Joe Lau's wiki: Main/Physicalism


What is physicalism?

Readings

Some main positions

  1. Monism - there is only one kind of stuff in the world
    • Physicalism - everything is physical
    • Idealism - everything is mental
  2. Dualism - there are two independent kinds of stuff in the world
  3. Eliminativism - the mental does not really exist

Eliminativism vs physicalism

Two versions of physicalism

  1. Reductive physicalism = Everything can be reduced to the physical.
  2. Non-reductive physicalism = Everything supervenes on the physical even if they are not reducible to the physical.

Reduction (roughly) : x reduces to A B C = x can be defined in terms of A B C.

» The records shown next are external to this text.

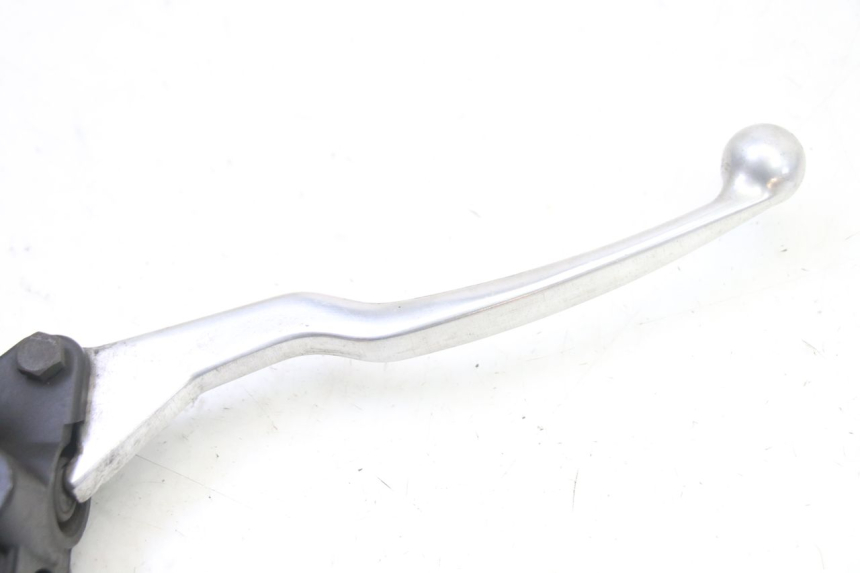 photo de FRONT BRAKE MASTER CYLINDER PEUGEOT SATELIS 250 (2006 - 2012) - Technical close-up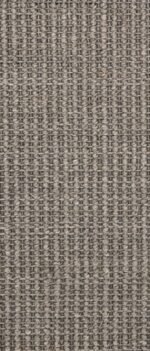 TRIXIE STAM VOOR KRABPAAL SISAL GRIJS - Afbeelding 3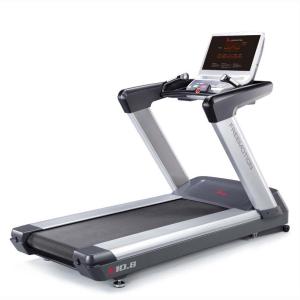 Купить Беговая дорожка Freemotion t10.8 в Талдоме 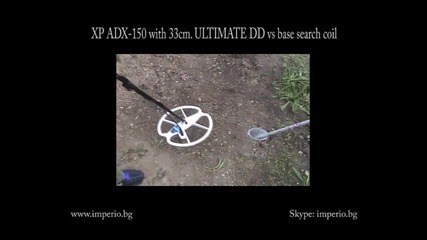 Xp Adx-150 Mega Ultimatе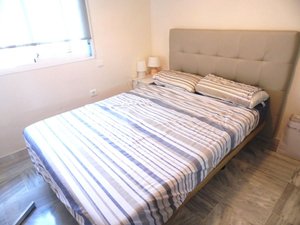 Ático en venta en La Cala de Mijas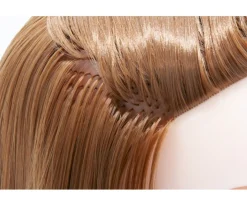 Estudio Profesional Peluquería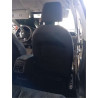 ASIENTO DEL. DCHO.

David Lewis on supervenience:

@A dot-matrix picture has global properties -- it is symmetrical, it is cluttered, and whatnot -- and yet all there is to the picture is dots and non-dots at each point of the matrix. The global properties are nothing but patterns in the dots. They supervene: no two pictures could differ in their global properties without differing, somewhere, in whether there is or there isn't a dot.@ Lewis, D. (1986) On the Plurality of Worlds, Oxford: Blackwell, p.14

Why opt for supervenience rather than reduction?

  1. Multiple realization - perhaps many configurations are sufficient for x. A B C, D E F, etc. No single physical definition of x available.
  2. A preference for emergentism - mental properties emerge out of physical ones but are not identical to them.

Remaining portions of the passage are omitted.